Quest Day 6
I finished 9th in
the rigids for yesterday’s task, which moved me up from 15th to 12th place
overall. I saw my first bald eagle in flight yesterday. I also had my first near
mid-air with a large bird. It was some type of raptor. I was on glide and so was
the bird, heading directly toward each other. The bird was looking down. Just
about the time I was going to push out and go over, the bird saw me and did a
wild looking maneuver, we missed each other by less than 6 feet.
I can understand why they usually don’t tow in high winds. When you launch from a mountain site, you may have to deal with the wind for a few seconds, until you are away from the hill. Under tow you have to deal with it for several minutes. Luckily all the tows so far have been relatively smooth. When I got my aerotow rating with Hungary Joe, at Crazy Creek, CA, we were towing in 500 fpm thermals and ratty air. I have yet to have any tows like that here in Florida. It is smooth enough that I am able to zip up my harness, and make adjustments to my instruments while on tow. At the start of the Wallaby comp, I had 7 tows under my belt, now I am up to an incredible 17 ;-)
We increased the tip we have been leaving for the maid at the Groveland motel and are now getting sheets without holes, and they are leaving the air conditioner on.
Nancy did a great job chasing us yesterday. There was no easy way to follow us on the way to the Coleman turnpoint. There was construction on some of the roads and she had to take some detours, but she stayed up with us the entire way. If we make it back to goal, driving can be a thankless job, but I feel much more secure knowing that she is down there and can find us if we run into some bad luck.
It really helps having Rich here. He has been to so many of these comps that he is an endless source of information. I hope I have not been slowing him down.
Tish (a female flew wing pilot from Australia) has been sneaking around squirting people with a big water gun. Several of the pilots snuck up behind her and threw her in the pool. Then at the end of the pilots meeting they poured a container of ice water over her. That should cool her off for a while.
The primary task is to Avon Airpark to the south. The secondary task is also to the south, Chalet Suzanne and back to Quest. They called the primary task to Avon Park Airport.
The sprint to the tow line is getting more interesting. Pilots are getting real competitive. What Davis lacks in long-term speed, he more than makes up for with his cunning moves, blocking and weaving to keep me behind him. There were several ground collisions. Kari snuck around us and aced us out of first place. I am lined up behind Davis and Rich. The start times were moved up for today. Launch opens at 12:00. At 11:55 there were very few CU’s visible. All times were pushed back 15 minutes.
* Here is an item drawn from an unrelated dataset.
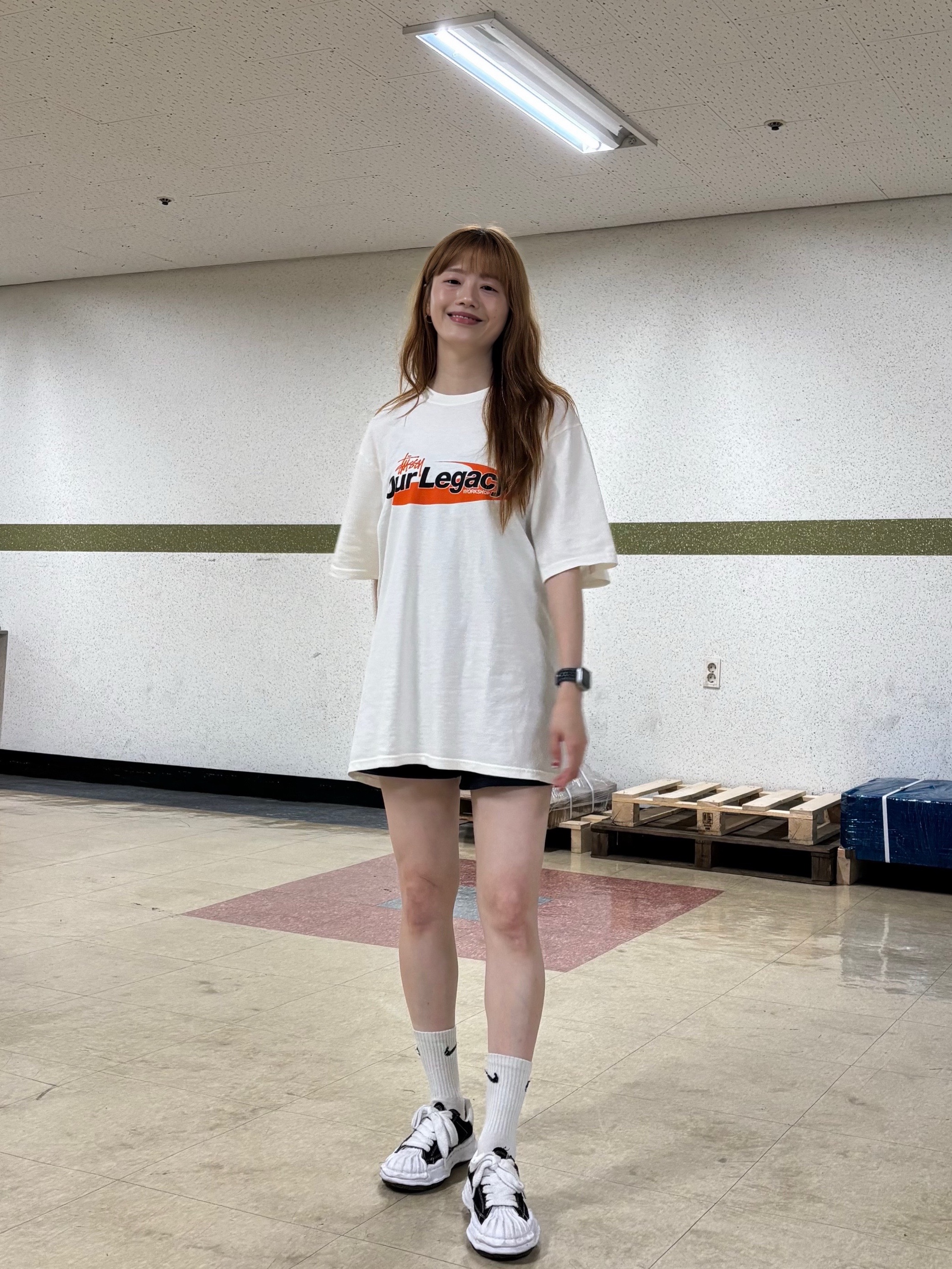 Stussy x Our Legacy Work Shop Swirl Pigment Dyed T-Shirt Natural, Maison Mihara Yasuhiro Blakey OG Sole Canvas Low-top Sneakers Black White 착용 스타일 - 5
I towed early, only about 6 pilots ahead of me. CU’s started popping up at 12:30. I found the gaggle of the big guns, and just before the 1:30 start I lost them. I did hook up with a gaggle of flex wings and soon found several rigid wings to fly with, Ron Gleason and Jim Yocom to name a couple. We flew together for most of the task. They lost me at one point, but as I was chasing them I found a thermal that was 1000+ fpm. I took it to cloud base. This gave me the height to get above them for most of the rest of the task. Everything was as good as a pilot could hope for, good climbs to cloud base. Very seldom did I get below 4,000’.
Then came the glide from hell. From 5,000’ 22 miles out, I and about 20 other gliders went 10 miles without a single thermal. I could see gliders landing behind me. At 1,200 feet someone found lift. We circled in it at 100 fpm up for a long time. I moved over about one half mile and found 400 fpm. Soon everyone joined me. The lift got very weak at 3500’. Most everyone left, including me, which was a mistake. We were 11 miles from goal. We found out later that it had rained in that area 10 minutes before we flew over.
I guess everyone figured we would hit something before goal. We didn’t, I landed .9 miles short of goal. I saw 15 to 20 gliders land in a field 1.5 miles from goal. I was later told that 9 of the top 10 flex wing pilots were in that field There was a field ahead I was sure I could make. All I had to do was fly over houses and trees and I would have it. I cleared the power lines by 30’ and made a quick left turn to land. There was no real landable field for the last ¾ mile. A couple of minutes after I landed, Robin Hamilton landed in the same field by slightly more margin.
I caught and passed Rich in the last thermal, another mistake. He made goal by 100’. He found a small thermal seven miles out that gave him enough to make it. I had made two 360’s in the same thermal and only gained 50’ and thought I could find something better.. He feels really great right now. It looked like 10 rigids made goal. I was probably the closest rigid to goal that did not make it.
At the start, I found that I could not thermal as well as Christian or Alex. Several times I was 200’ below them but could not catch up. I tried to follow them at the start but lost them around the clouds. I have one more chance to chase the lead gaggle.